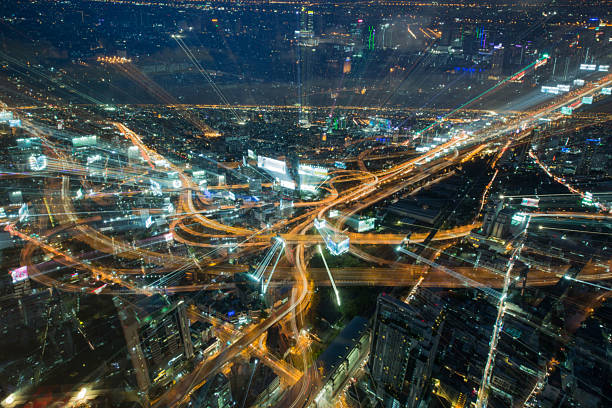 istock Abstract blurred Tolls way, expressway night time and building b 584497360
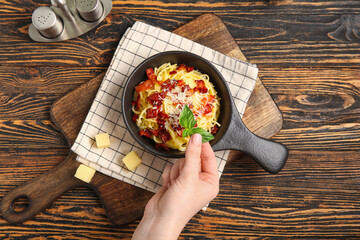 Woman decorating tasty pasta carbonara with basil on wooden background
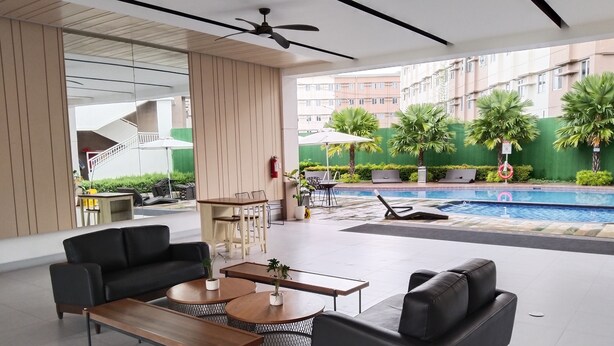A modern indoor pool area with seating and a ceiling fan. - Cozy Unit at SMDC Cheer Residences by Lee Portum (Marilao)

■ ■ ■

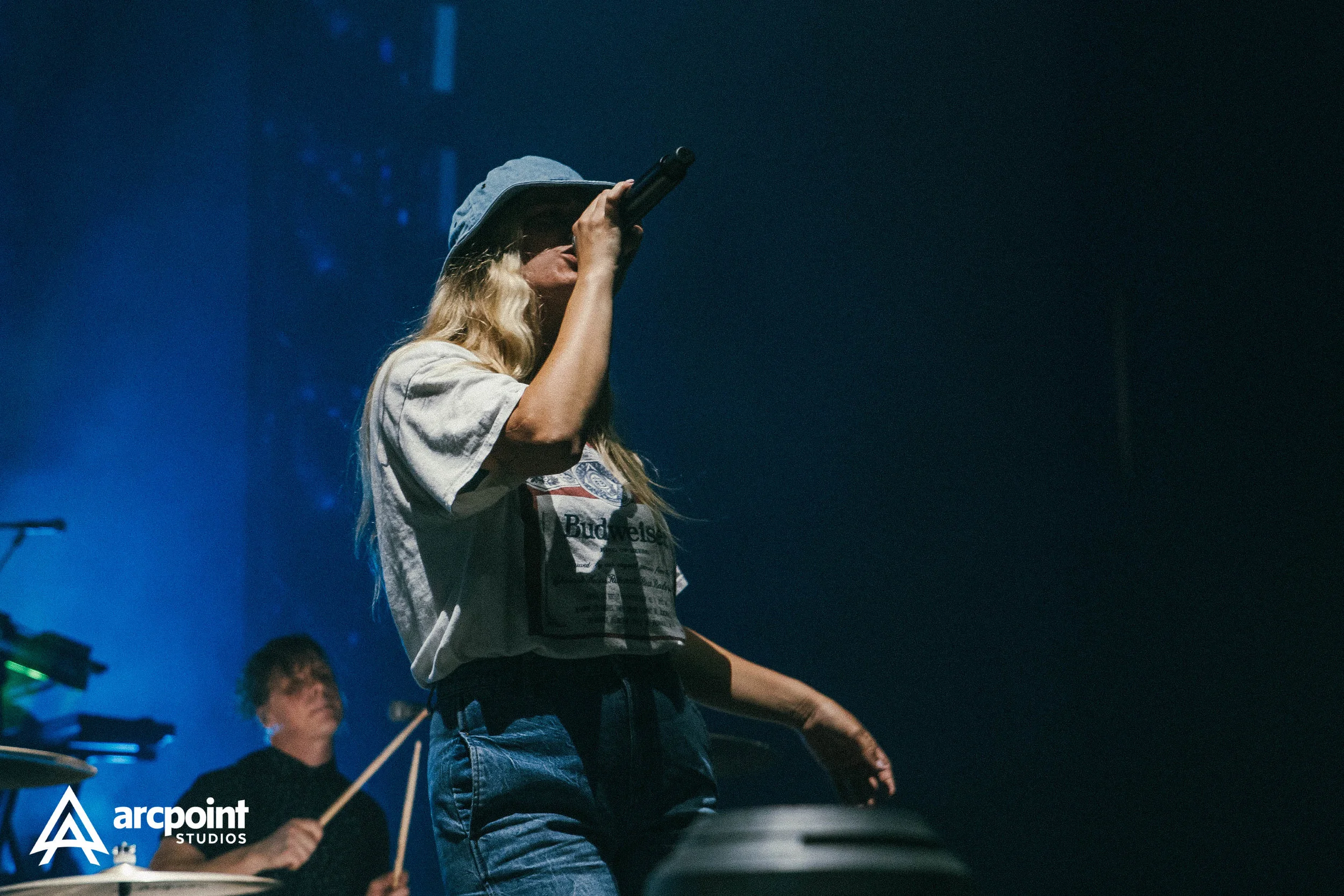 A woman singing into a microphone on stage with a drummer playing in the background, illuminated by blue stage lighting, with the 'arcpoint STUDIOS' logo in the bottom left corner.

■ ■ ■

Task statement:
In the data above, find the line with "istock Abstract blurred" and the line with "A modern indoor". Please copy exactly those two lines and every line between them, but not the pictures.

Written response:
 istock Abstract blurred Tolls way, expressway night time and building b 584497360
 Woman decorating tasty pasta carbonara with basil on wooden background
A modern indoor pool area with seating and a ceiling fan. - Cozy Unit at SMDC Cheer Residences by Lee Portum (Marilao)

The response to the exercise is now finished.